On whether the Swedish Krona has more room to gain:

“Yes. It depends a little bit. It depends on the equity market here, it depends on electronics. The Swedish situation looks very good. Obviously it is doing something, but I would argue that it still has some to go.  I still own it.”

On FX volatility being the lowest it has been since 2007 and whether that makes it more difficult for currency traders:

“It absolutely does make it harder to make money. I can see it from both sides. It’s harder to make money. On the other hand, would I want to go out and make a big bet? No, I am afraid of the central banks jumping down my back. The fact of the matter is if you look at our leverage is as low as it has been in a generation. We are trying to say gee whiz, how can you make any money with such a low leverage? We can say, oh, we’re having a decent year compared to our peers, up 2, up 3. What good is that? You will not sell anyone anything if you are saying you are going to make 2 or 3%. It’s not enough.”

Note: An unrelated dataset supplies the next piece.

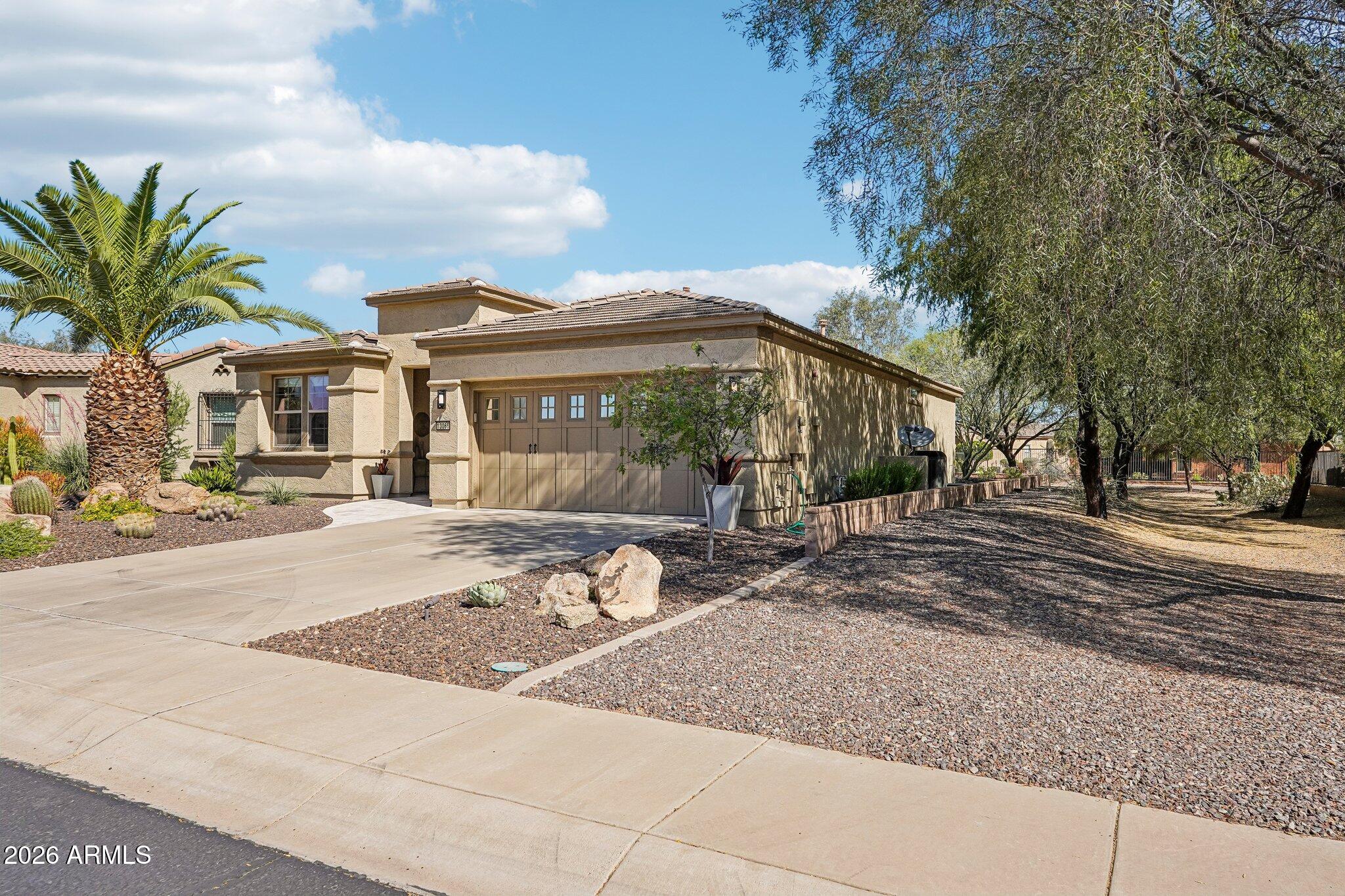 13068 West Plum Road Peoria, AZ 85383 - Photo 3 of 28 13068 W Plum Rd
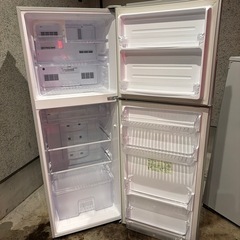 SHARP ノンフロン　冷蔵庫　SJ-23X-S 動作確認済み　2013年式　　幅545✖️奥行き595✖️高さ1509 清掃済み　すぐに使えますの画像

On whether he agrees with those why say that Bernanke signaled last month that Fed actions are tied to equity markets and what that means for those buying and selling currencies:

“Normally equities correlate very highly with risk on and risk on correlates very highly with dollar weakness. So wanting to strengthen the equity market means you want to weaken the dollar, so therefore for those kinds of things go along with each other. Each time a QE or an Operation Twist comes along, it has less power than before. One of the interesting things right now is that we do believe the dollar will be weak and we have a target date of October 27 for the beginning of a reversal where the dollar might start to show strength. But I have to say the last week has shaken my conviction in that point of view. The equity market is not showing any legs. Being below 1440 which is where we started and everyone out on the street has signaled this as a big level and a big deal, and we’re trading 1432 right now, I do not know where we will wind up. Maybe the people will come out of the wall and as you say, it’s cheap now, they should be in and buying, they have their chance. Where are they? I am waiting. Show up. We’ll see.”